About this exercise >> Everything in the records below except the images should be output exactly as written.
◆ ◆ ◆ ◆ ◆ ◆ ◆
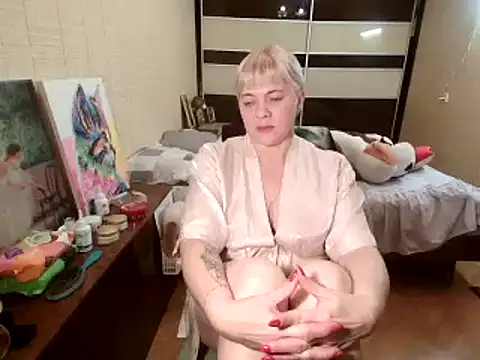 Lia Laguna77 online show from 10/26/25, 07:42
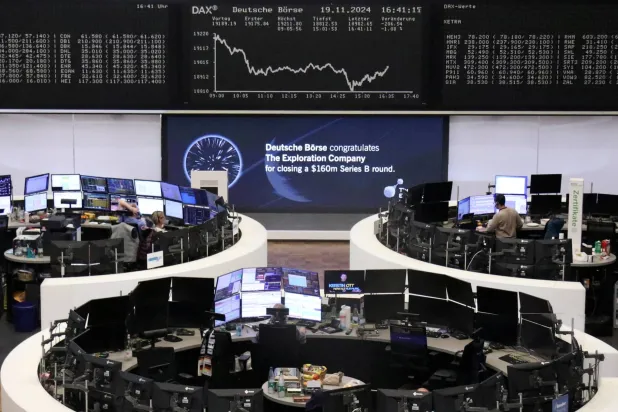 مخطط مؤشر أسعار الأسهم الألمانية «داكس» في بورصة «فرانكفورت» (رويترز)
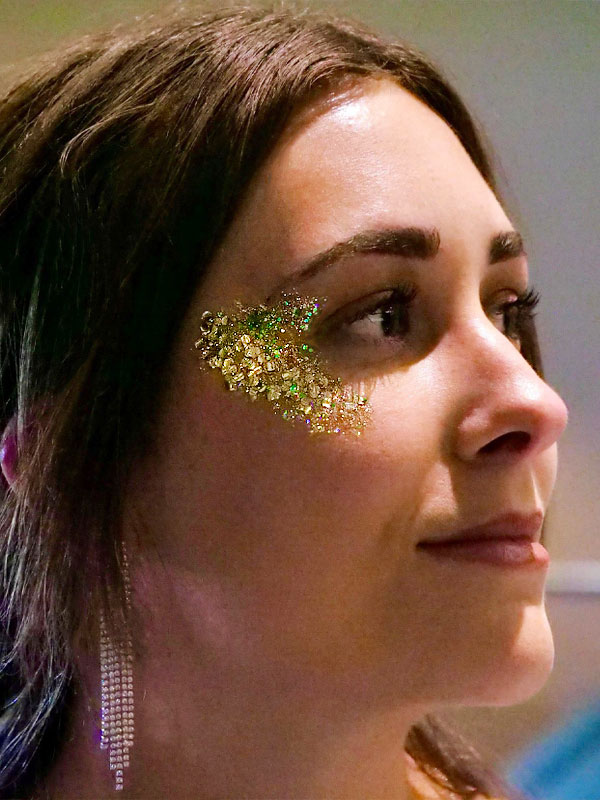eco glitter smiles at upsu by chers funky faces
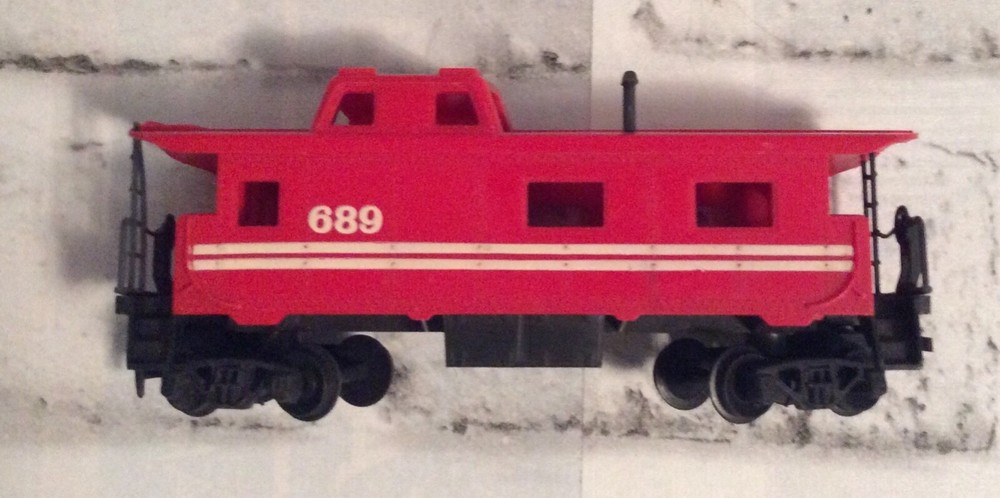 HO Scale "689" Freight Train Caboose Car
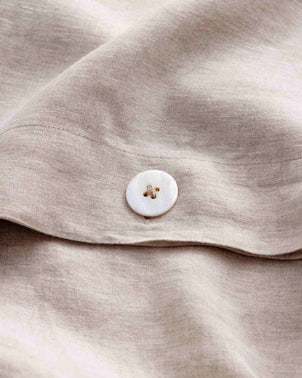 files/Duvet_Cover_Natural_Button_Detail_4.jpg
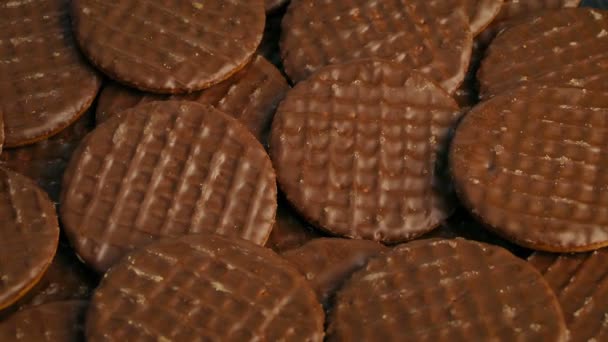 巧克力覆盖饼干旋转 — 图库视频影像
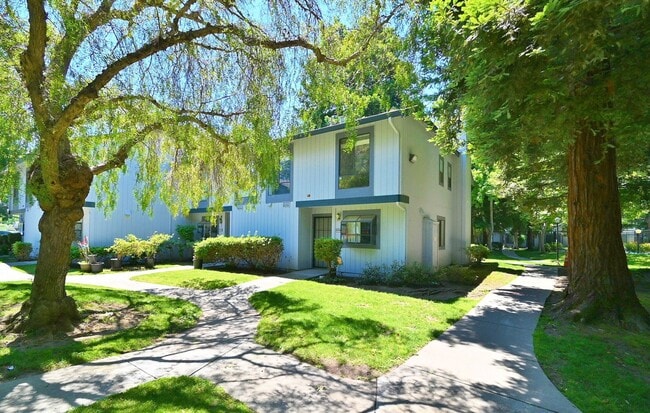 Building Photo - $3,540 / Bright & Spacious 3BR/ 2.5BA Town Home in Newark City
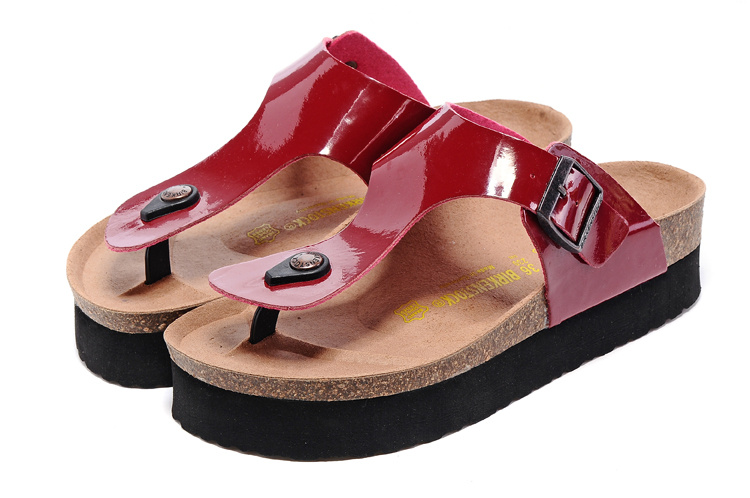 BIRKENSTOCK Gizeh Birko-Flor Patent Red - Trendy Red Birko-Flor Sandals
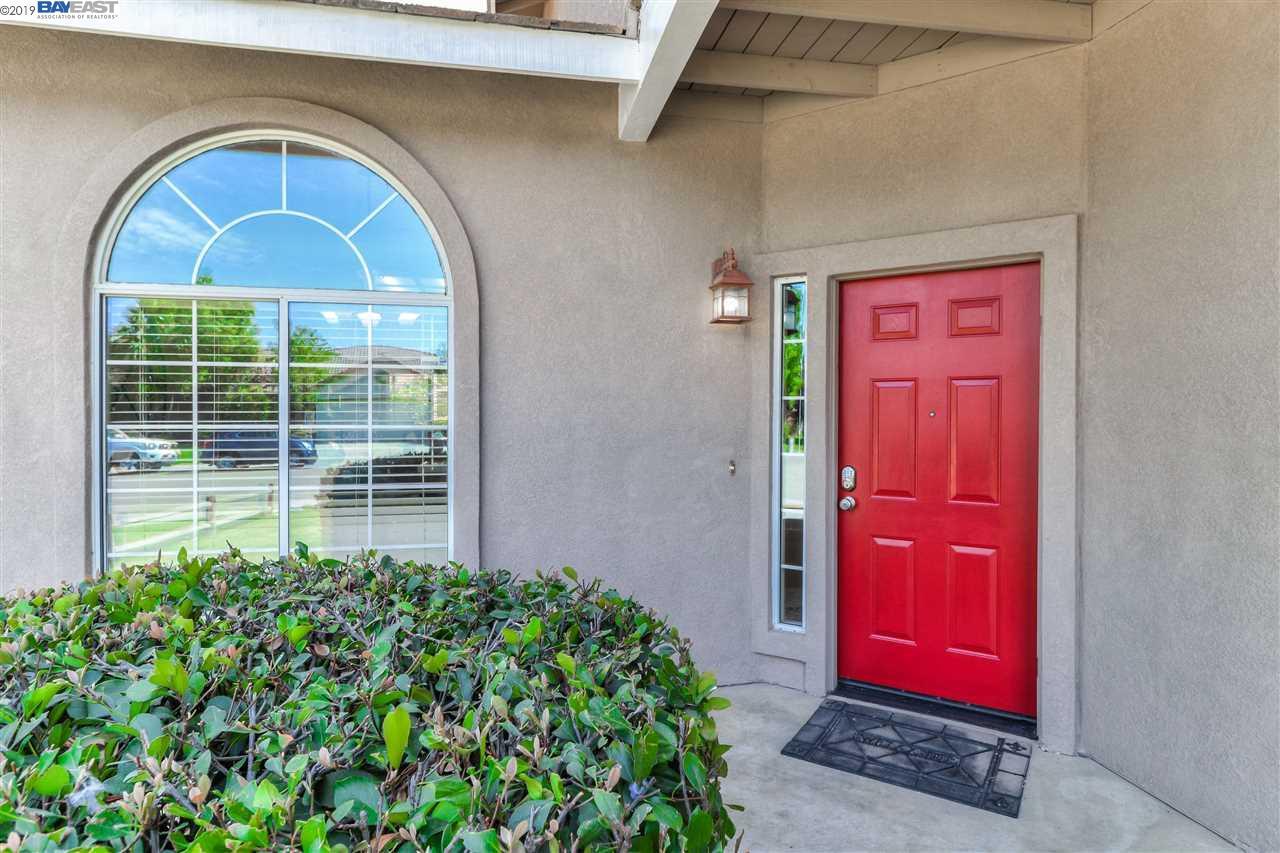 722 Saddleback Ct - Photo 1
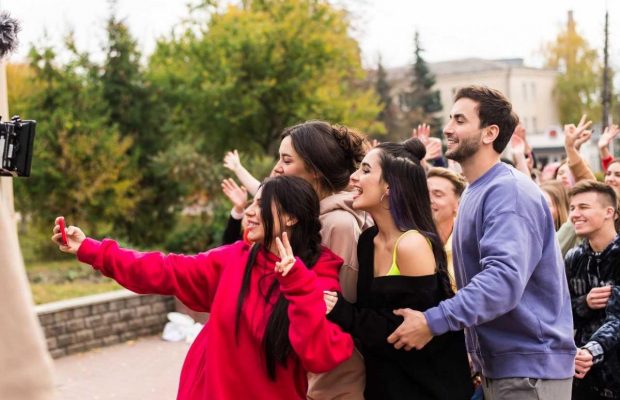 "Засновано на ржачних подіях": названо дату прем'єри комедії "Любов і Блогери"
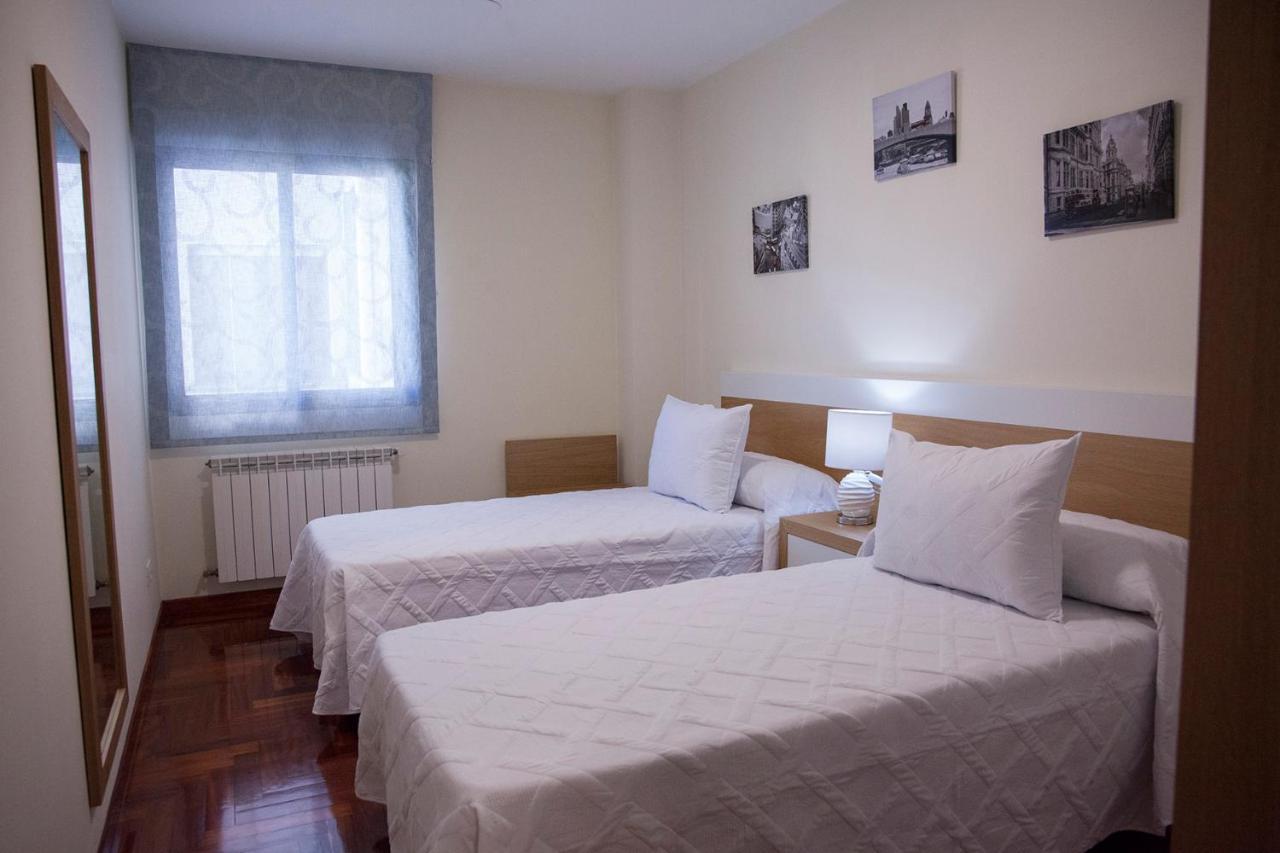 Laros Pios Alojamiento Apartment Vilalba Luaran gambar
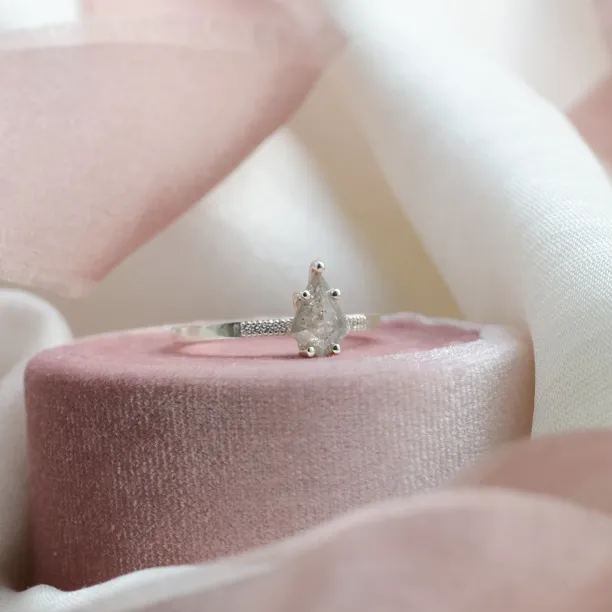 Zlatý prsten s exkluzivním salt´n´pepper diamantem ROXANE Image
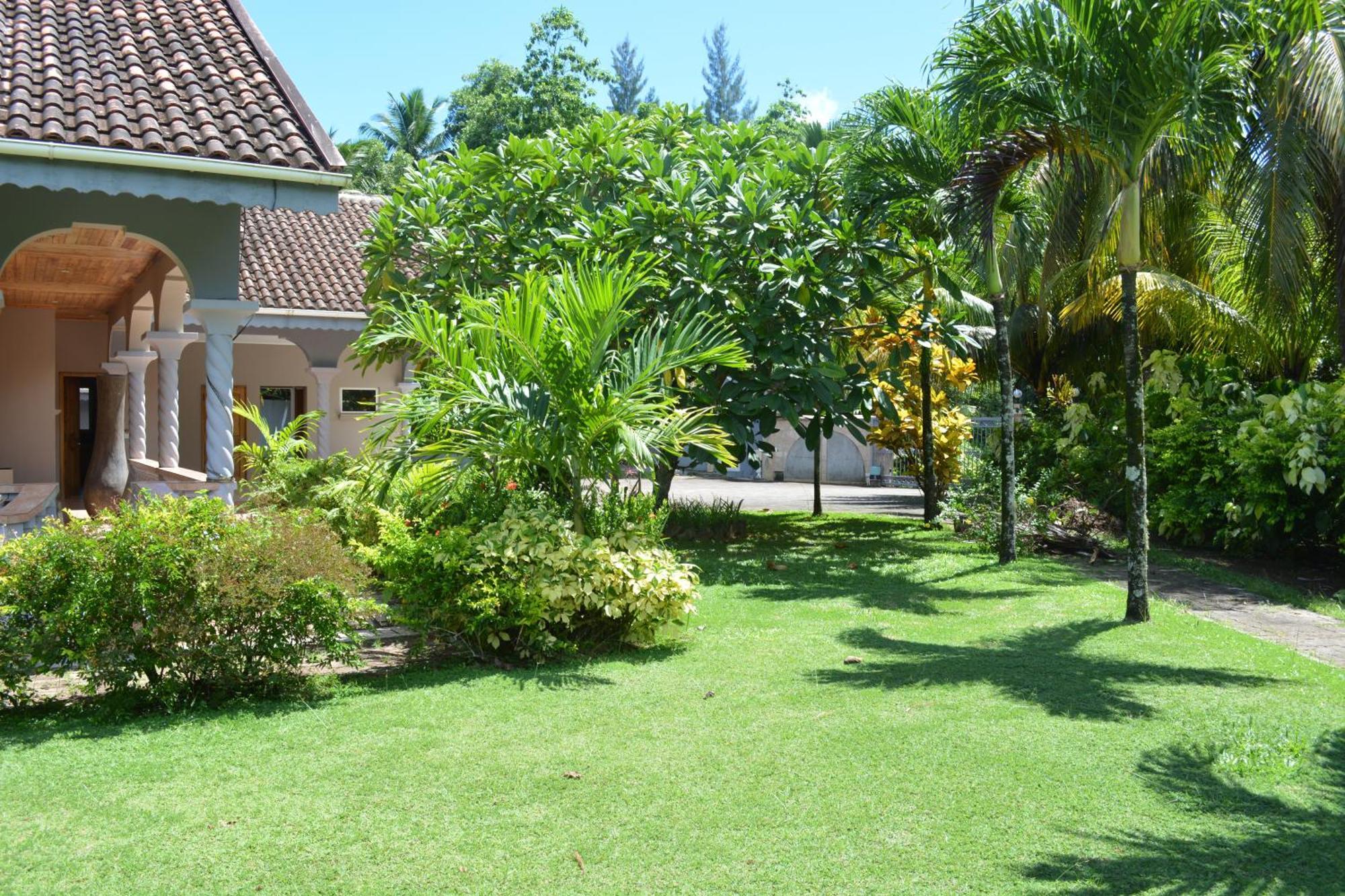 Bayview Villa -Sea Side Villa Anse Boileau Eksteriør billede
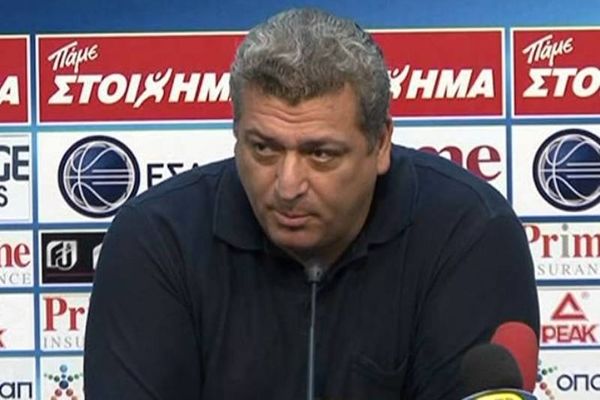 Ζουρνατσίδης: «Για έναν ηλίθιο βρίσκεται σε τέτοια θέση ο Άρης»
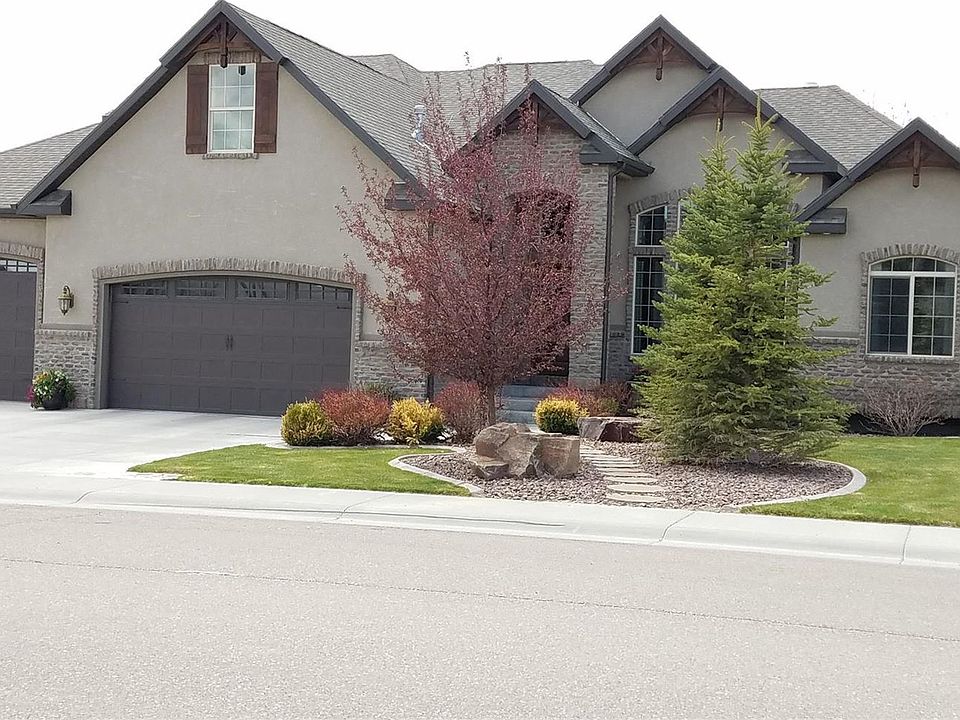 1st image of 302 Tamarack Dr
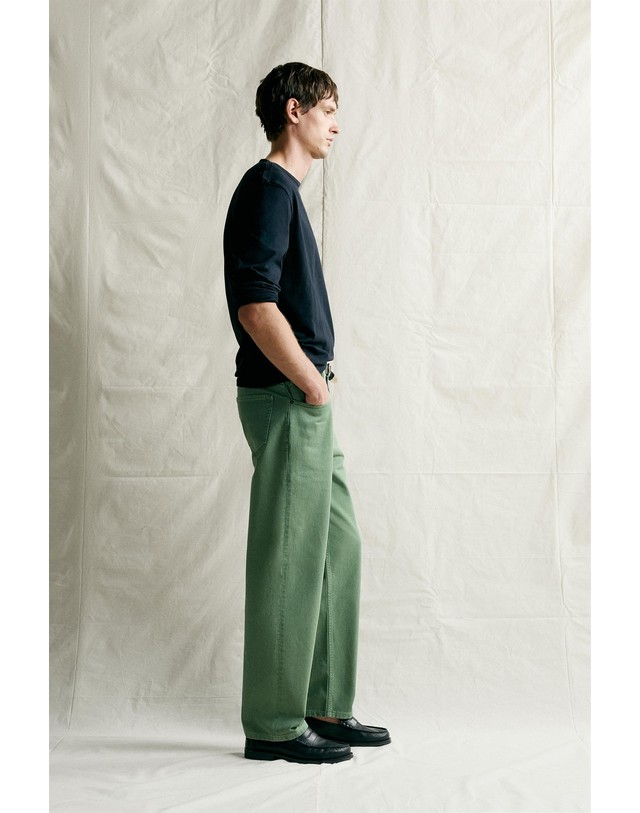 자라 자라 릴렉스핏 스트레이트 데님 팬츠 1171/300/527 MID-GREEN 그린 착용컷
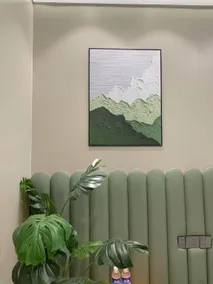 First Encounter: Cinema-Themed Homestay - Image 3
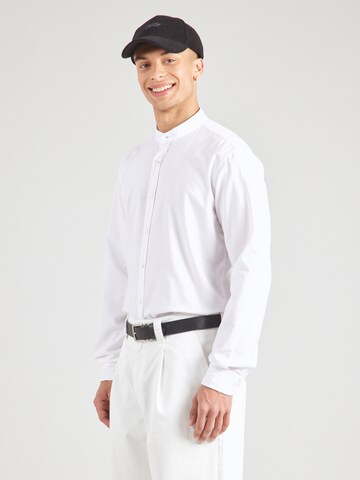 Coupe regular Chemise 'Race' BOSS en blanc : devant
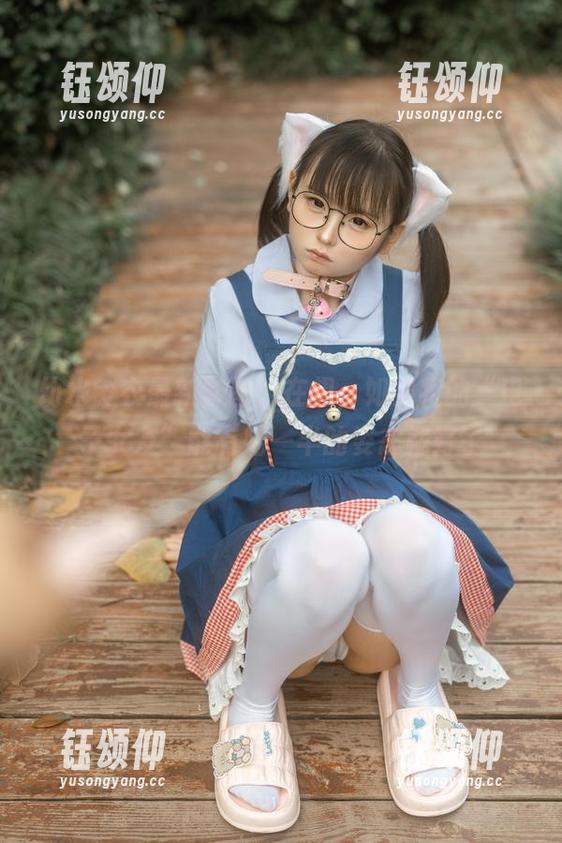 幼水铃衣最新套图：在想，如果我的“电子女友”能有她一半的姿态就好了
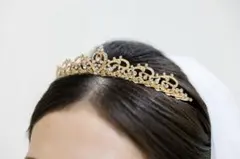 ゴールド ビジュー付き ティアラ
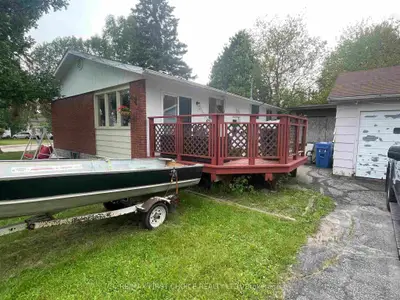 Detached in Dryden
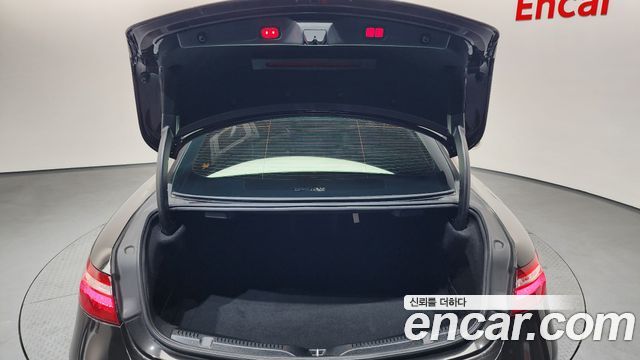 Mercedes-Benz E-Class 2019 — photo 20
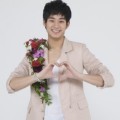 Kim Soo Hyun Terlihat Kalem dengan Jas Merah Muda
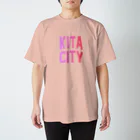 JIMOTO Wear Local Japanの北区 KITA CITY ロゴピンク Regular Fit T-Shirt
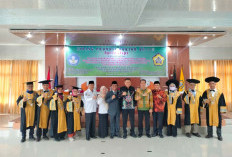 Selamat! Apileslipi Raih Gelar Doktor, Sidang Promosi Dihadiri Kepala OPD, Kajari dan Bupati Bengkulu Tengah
◆ ◆ ◆ ◆ ◆ ◆ ◆
Response to the exercise >>
 Lia Laguna77 online show from 10/26/25, 07:42
 مخطط مؤشر أسعار الأسهم الألمانية «داكس» في بورصة «فرانكفورت» (رويترز)
eco glitter smiles at upsu by chers funky faces
 HO Scale "689" Freight Train Caboose Car
 files/Duvet_Cover_Natural_Button_Detail_4.jpg
 巧克力覆盖饼干旋转 — 图库视频影像
 Building Photo - $3,540 / Bright & Spacious 3BR/ 2.5BA Town Home in Newark City
 BIRKENSTOCK Gizeh Birko-Flor Patent Red - Trendy Red Birko-Flor Sandals
 722 Saddleback Ct - Photo 1
 "Засновано на ржачних подіях": названо дату прем'єри комедії "Любов і Блогери"
 Laros Pios Alojamiento Apartment Vilalba Luaran gambar
 Zlatý prsten s exkluzivním salt´n´pepper diamantem ROXANE Image
 Bayview Villa -Sea Side Villa Anse Boileau Eksteriør billede
 Ζουρνατσίδης: «Για έναν ηλίθιο βρίσκεται σε τέτοια θέση ο Άρης»
 1st image of 302 Tamarack Dr
 자라 자라 릴렉스핏 스트레이트 데님 팬츠 1171/300/527 MID-GREEN 그린 착용컷
 First Encounter: Cinema-Themed Homestay - Image 3
 Coupe regular Chemise 'Race' BOSS en blanc : devant
 幼水铃衣最新套图：在想，如果我的“电子女友”能有她一半的姿态就好了
 ゴールド ビジュー付き ティアラ
 Detached in Dryden
 Mercedes-Benz E-Class 2019 — photo 20
 Kim Soo Hyun Terlihat Kalem dengan Jas Merah Muda
 JIMOTO Wear Local Japanの北区 KITA CITY ロゴピンク Regular Fit T-Shirt
 Selamat! Apileslipi Raih Gelar Doktor, Sidang Promosi Dihadiri Kepala OPD, Kajari dan Bupati Bengkulu Tengah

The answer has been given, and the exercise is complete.